The doctored fiscal reporting complemented the short-term political interests of both major political parties. Additionally, the ignorance and/or complicity of Pollyannaish analysts on Wall Street and in the financial media -- eager to discourage negative market activity -- helped to keep the fiscal crisis from arousing significant concern among a dumbed-down U.S. populace.

Dollar, Debt and Hyperinflation

The financial-market counterpart to the federal deficit is federal debt, where gross federal debt was $7.8 trillion as of June 30, 2005. That level was $7.4 trillion at the end of fiscal 2004, of which $4.3 trillion was borrowed from the public and $3.1 trillion was borrowed from the government (i.e. Social Security). Therein lies the problem. There is and will be too much debt from the U.S. government for the financial markets to absorb and remain stable.

The burgeoning deficit means the U.S. government will be increasing its debt level significantly for years to come. Near term, the amount borrowed will increase more rapidly than the markets are expecting, with the economy slowing down and entering recession. The ultimate question is who will lend the money to the U.S. Treasury? The answer is not U.S. investors.

The Federal Reserve's flow of funds accounts show that foreign investors, both official and private, owned 42.5% of U.S. Treasuries at the end of 2004, up from 18.2% at the end of 1994. In 2004, foreign investors bought 98.5% of new U.S. Treasury issuance. (See "A Look at Foreign Investment Behavior in the Latest Flow-of-Funds Data," courtesy of Gillespie Research Associates.)

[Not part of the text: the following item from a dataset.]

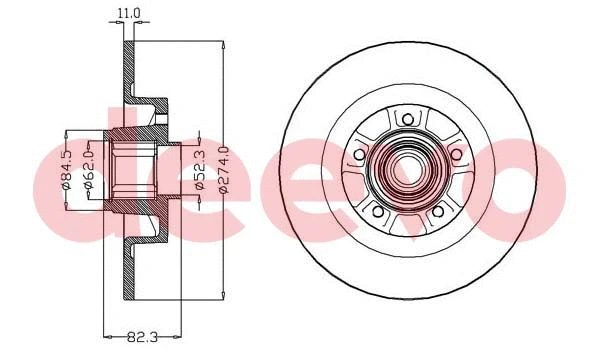Brake Disc (BD16760)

Part of the reason for this relates to another deficit crisis the United States faces on the trade front, where an exploding trade deficit is throwing excess dollars into global circulation. By holding dollars and investing in Treasuries, instead of converting dollars to a local currency, foreign investors have been helping to fund much of the U.S. deficit.

The combination of the rapidly deteriorating trade and budget deficits guarantee this will change. At some point, willingness among foreign investors to hold dollars will evaporate along with the reality that currency losses are more than offsetting any investment gains. When sentiment shifts away from the greenback, not only are foreign investors going to stop buying U.S. Treasuries, but also they likely will dump their holdings of existing Treasuries along with the U.S. dollar. Such actions would lead to a sharp dollar decline, a sharp spike in interest rates and a sharp sell-off in equities. The question, again, is who is going to buy the Treasuries?

With new debt continually hitting the market, eventually the Fed will have to step in to buy the Treasuries -- as lender of last resort -- effectively monetizing the debt. The more the Fed monetizes, the greater will be the growth in the money supply, the greater will be the weakness in the dollar, the greater will be the rate of inflation.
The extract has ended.